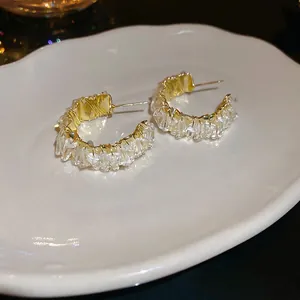 Vintage golden C-shaped hoop earrings with baguette crystal wrapping and metallic texture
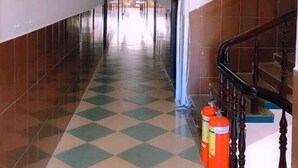 A hallway with a checkered floor, a staircase on the right, and a door at the end. - Kien An Hotel (Can Tho)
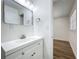 Modern bathroom features a white vanity with modern fixtures, and a view into bedroom at 1307 Jean Ct, Eustis, FL 32726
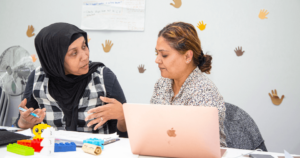 Two females sitting down talking to each other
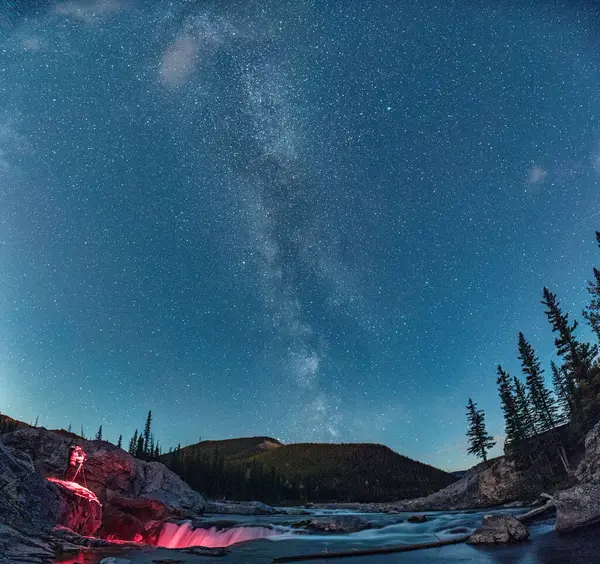 Stock image Landscape of Elbow Falls with milky way and photographer taking photo in the night at Kananaskis country, Canada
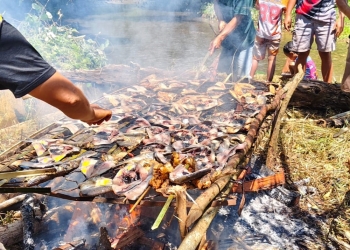 Warga Desa Walandawe, Kecamatan Routa, bekerja sama membakar ikan segar di atas bara api tradisional dalam perayaan pesta panen padi tahunan. Foto: Dok Istimewa/kendarinesia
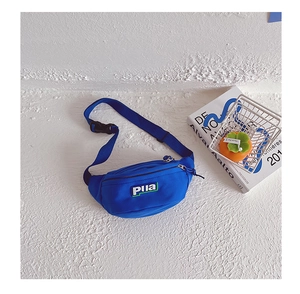 Détail du sac de poitrine en toile bleu roi avec sangle réglable et patch logo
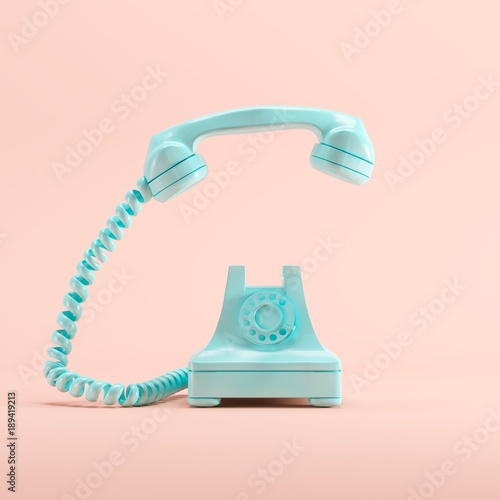 Blue vintage telephone on pink pastel color background. minimal idea concept.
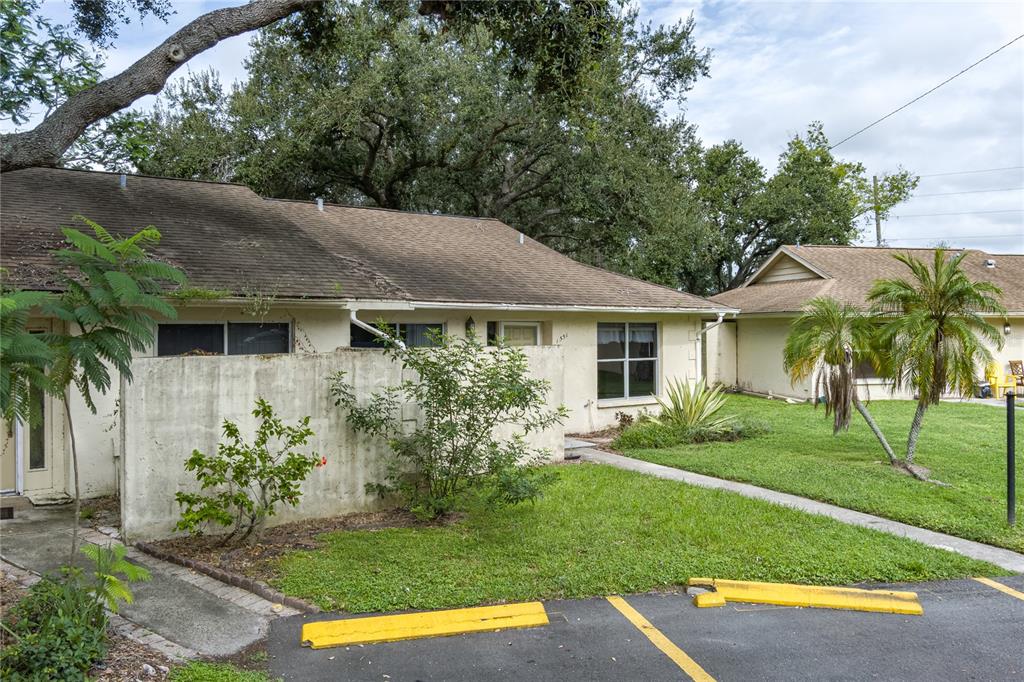 a view of house with a yard and potted plants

..............................

__WHAT IS REQUIRED__: Reproduce the material above verbatim; omit every picture.

__EXPECTED ANSWER__:
 Vintage golden C-shaped hoop earrings with baguette crystal wrapping and metallic texture
 A hallway with a checkered floor, a staircase on the right, and a door at the end. - Kien An Hotel (Can Tho)
 Modern bathroom features a white vanity with modern fixtures, and a view into bedroom at 1307 Jean Ct, Eustis, FL 32726
 Two females sitting down talking to each other
 Stock image Landscape of Elbow Falls with milky way and photographer taking photo in the night at Kananaskis country, Canada
 Warga Desa Walandawe, Kecamatan Routa, bekerja sama membakar ikan segar di atas bara api tradisional dalam perayaan pesta panen padi tahunan. Foto: Dok Istimewa/kendarinesia
 Détail du sac de poitrine en toile bleu roi avec sangle réglable et patch logo
 Blue vintage telephone on pink pastel color background. minimal idea concept.
 a view of house with a yard and potted plants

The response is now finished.